→ **WHAT THE TASK REQUIRES**
Output every entry below exactly, without its pictures.

→ **PROVIDED RECORDS**
* * * * * * * * *
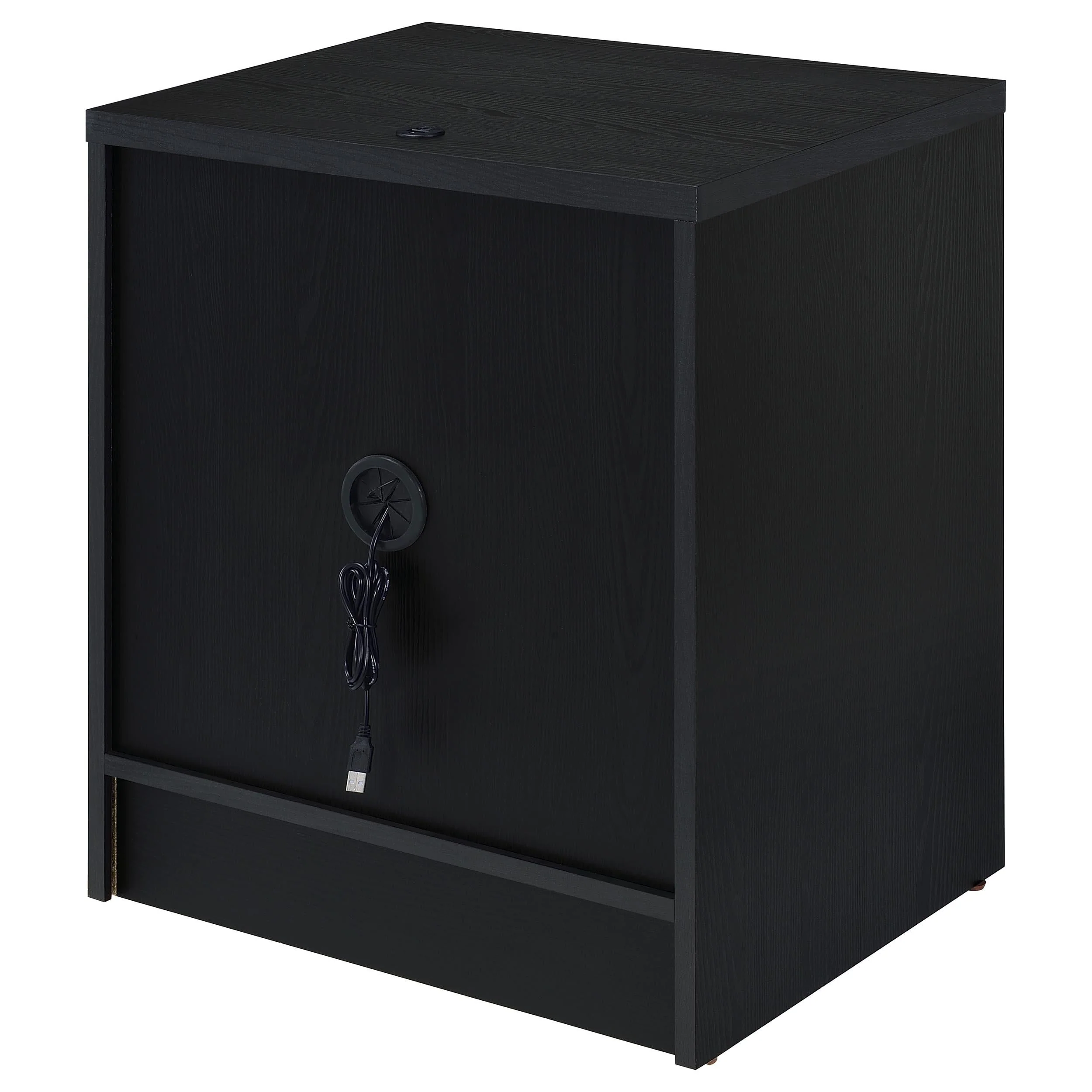 Westpark Black Nightstand with LED Lights and USB Ports - Image 9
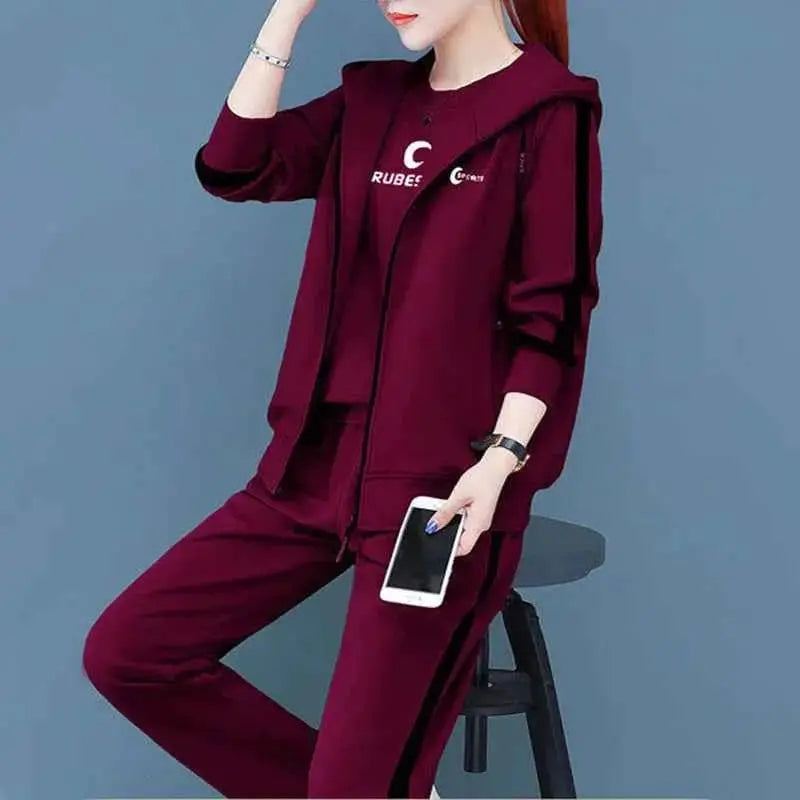 Spring Autumn Women Tracksuit 3 Piece Set Coats Sweatshirts Pants Loose Fit Casual Sportswear Outfit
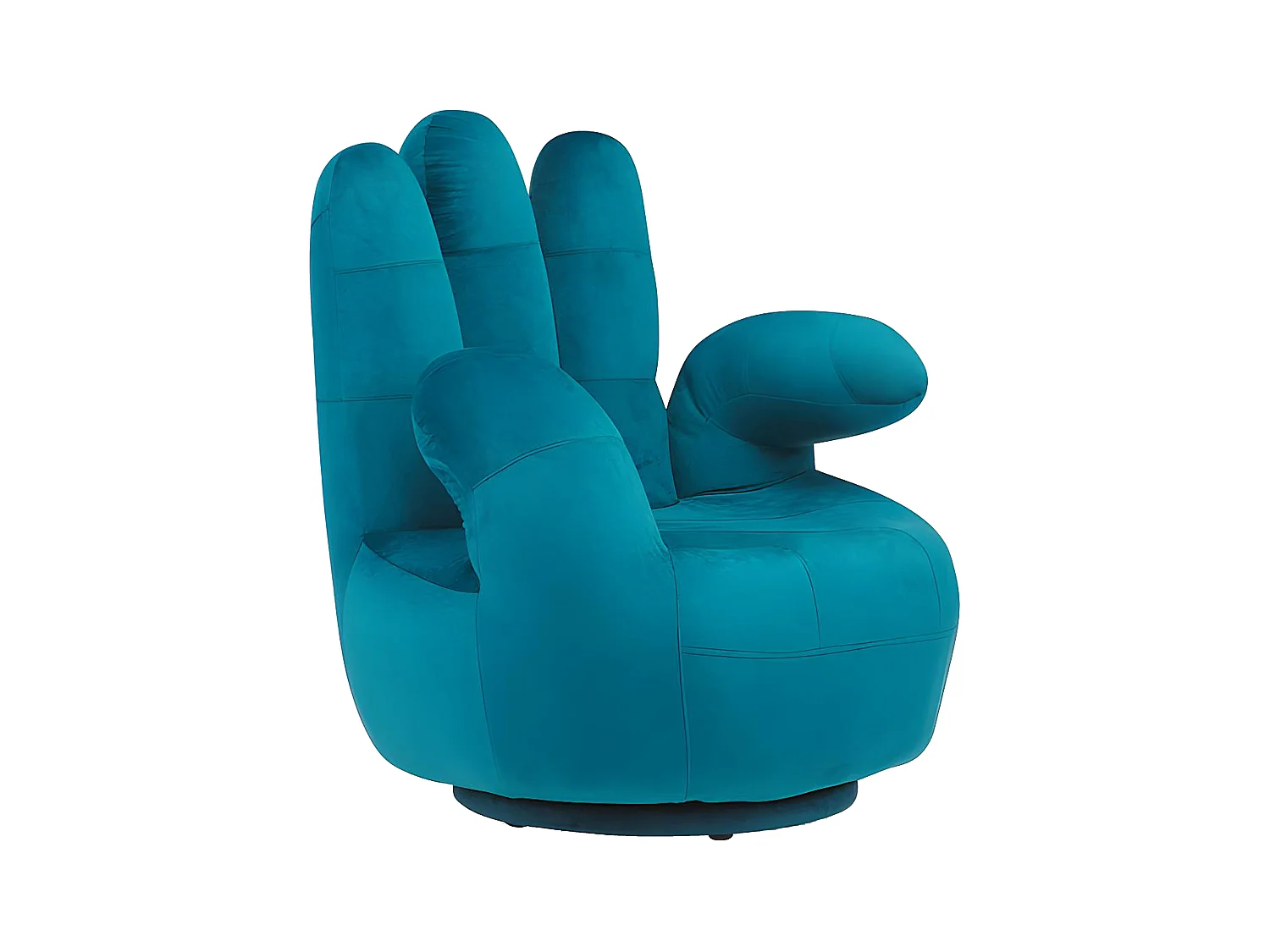 Sillón con forma de mano pivotante CATCHY de terciopelo – Verde azulado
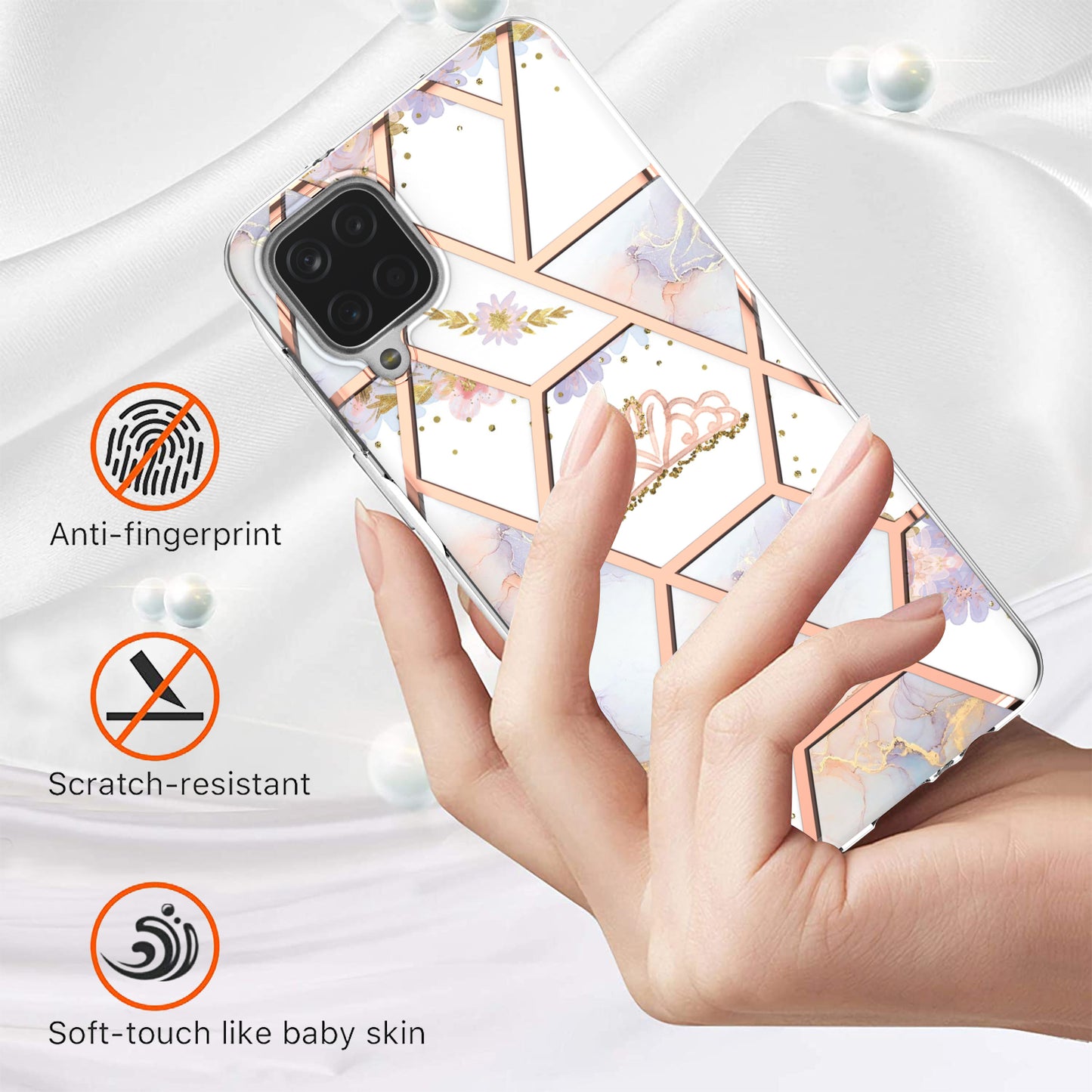 2.0mm IMD IML Electroplating Marble Flower Pattern Phone Case for Samsung Galaxy A12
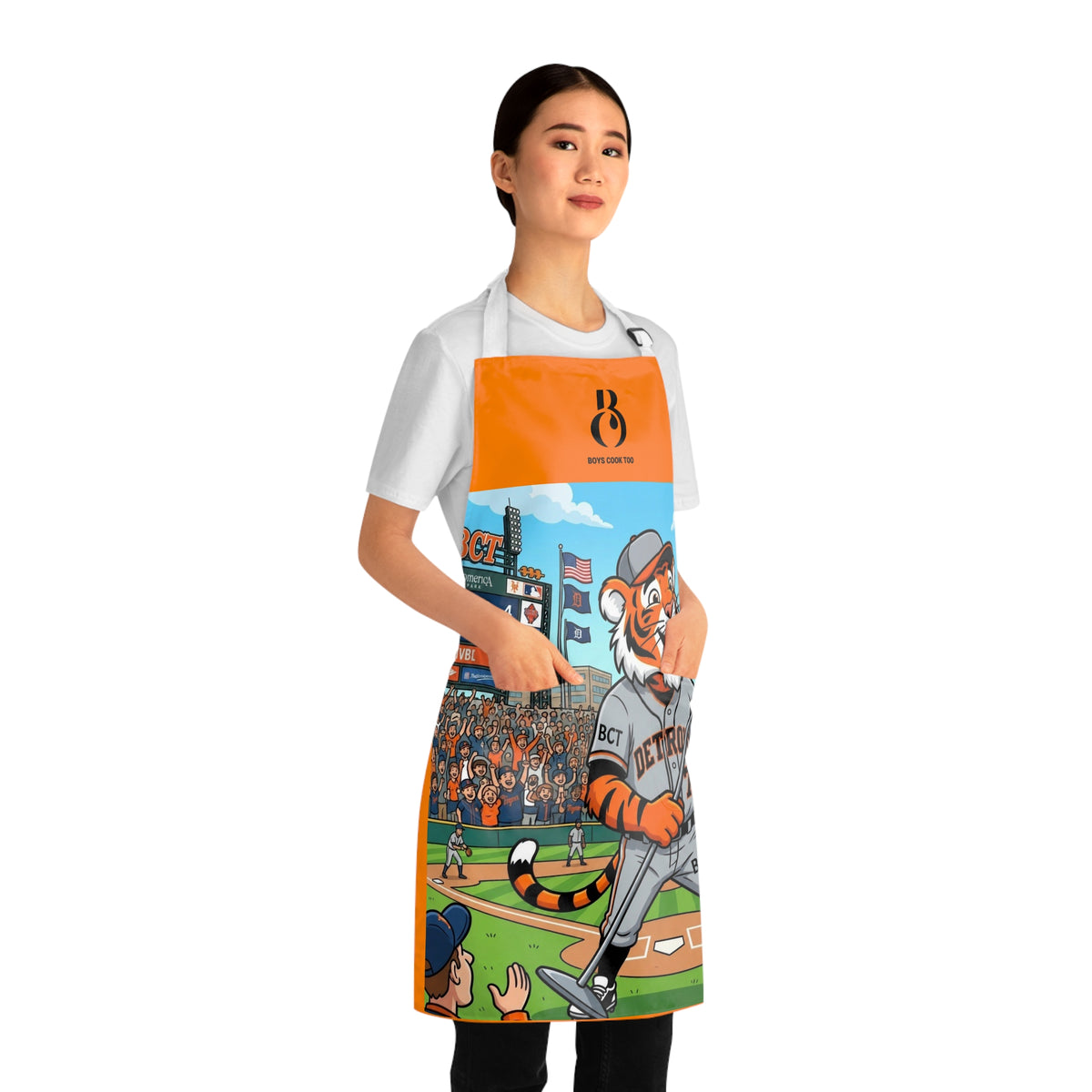 Baseball Detroit Singing Tiger Chef Apron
* * * * * * * * *
→ **ANSWER TO THE PROBLEM**
 Westpark Black Nightstand with LED Lights and USB Ports - Image 9
 Spring Autumn Women Tracksuit 3 Piece Set Coats Sweatshirts Pants Loose Fit Casual Sportswear Outfit
 Sillón con forma de mano pivotante CATCHY de terciopelo – Verde azulado
 2.0mm IMD IML Electroplating Marble Flower Pattern Phone Case for Samsung Galaxy A12
 Baseball Detroit Singing Tiger Chef Apron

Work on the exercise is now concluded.